Posted by Nov 18th, 2010.

Secretary of Education Arne Duncan gave a speech yesterday at an American Enterprise Institute panel event. Like Rick Hess, my socks were knocked off. You mean, the same Obama official who oversaw billions upon billions in stimulus and Edujobs (not to mention Race to the Top) spending now says:

I am here to talk today about what has been called the New Normal. For the next several years, preschool, K‐12, and postsecondary educators are likely to face the challenge of doing more with less.

My message is that this challenge can, and should be, embraced as an opportunity to make dramatic improvements. I believe enormous opportunities for improving the productivity of our education system
lie ahead if we are smart, innovative, and courageous in rethinking the status quo.
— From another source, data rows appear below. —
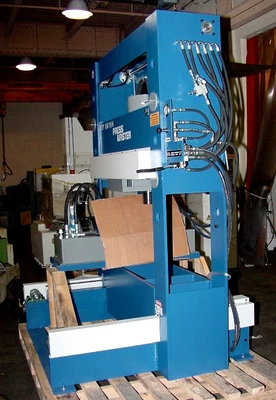 NEW Pressmaster RTP-150 ROLL-IN BED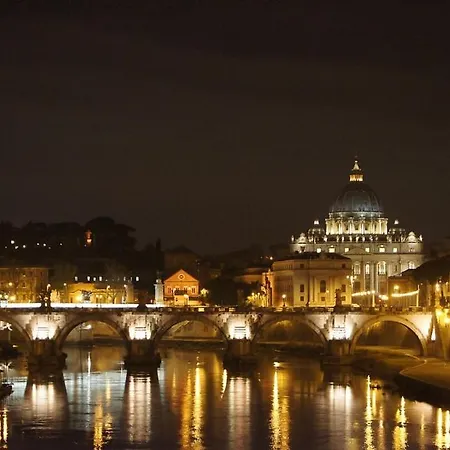 Vatican Elegant Apartment *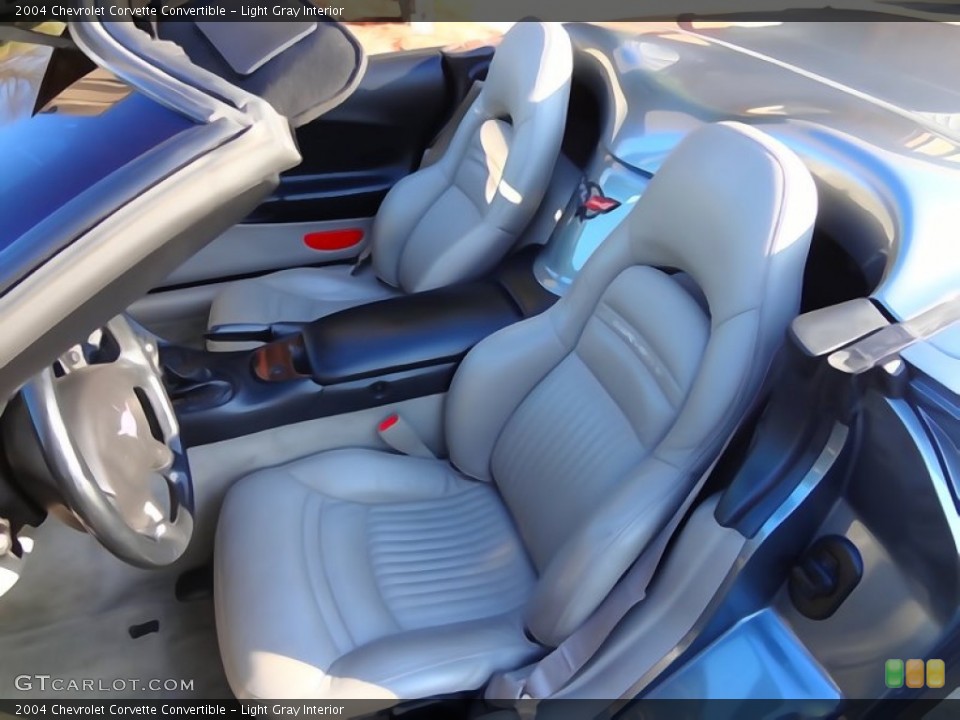 Light Gray Interior Photo for the 2004 Chevrolet Corvette Convertible #78381752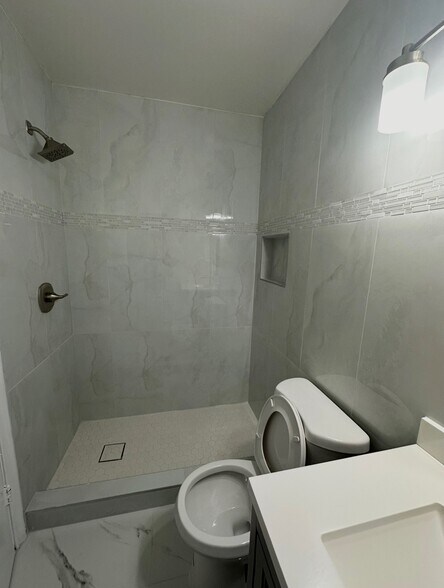 Building Photo - 2110 NW 109th Ave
It’s time to stop treating the problem of educational productivity as a grinding, eat‐your‐broccoli exercise. It’s time to start treating it as an opportunity for innovation and accelerating progress.

An acknowledgment of new political realities in Washington? An admission of prolonged economic malaise? Perhaps. But all five pages of the transcript must be read. Challenging words for union leaders, administrators and school boards alike that amounts to a strong statement from Secretary Duncan. Is Colorado ready to embrace the challenge? My experience at two recent panel events gives me pause.

Ten days ago I accepted an invitation to drop in on a CU-Denver-hosted panel discussion on how Colorado K-12 agencies can weather the fiscal storm. The panelists — outgoing state treasurer Cary Kennedy, the School Finance Project’s Tracy Rainey, new DPS CFO David Hart and Michael Griffith from Education Commission of the States — offered a bleak picture.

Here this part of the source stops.